What this task involves: Images excepted, the data below must be repeated exactly.

Dataset section:
* * *

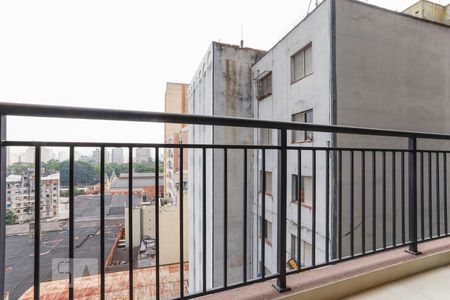 Varanda de kitnet/studio para alugar com 1 quarto, 26m² em Centro, São Paulo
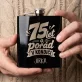 Placatka S Gravírováním Pro 75Letého Muže Dárek K 75 Narozeninám Pro Muže: 75 Let A Pořád V Kondici Placatka S Gravírováním Pro 75Letého Muže Dárek K 75 Narozeninám Pro Muže: 75 Let A Pořád V Kondici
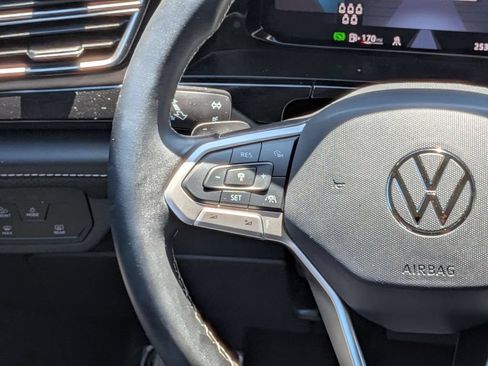 Used 2025 Volkswagen Atlas SE AWD/4WD image 17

* * *

Solution:
 Varanda de kitnet/studio para alugar com 1 quarto, 26m² em Centro, São Paulo
 Placatka S Gravírováním Pro 75Letého Muže Dárek K 75 Narozeninám Pro Muže: 75 Let A Pořád V Kondici Placatka S Gravírováním Pro 75Letého Muže Dárek K 75 Narozeninám Pro Muže: 75 Let A Pořád V Kondici
 Used 2025 Volkswagen Atlas SE AWD/4WD image 17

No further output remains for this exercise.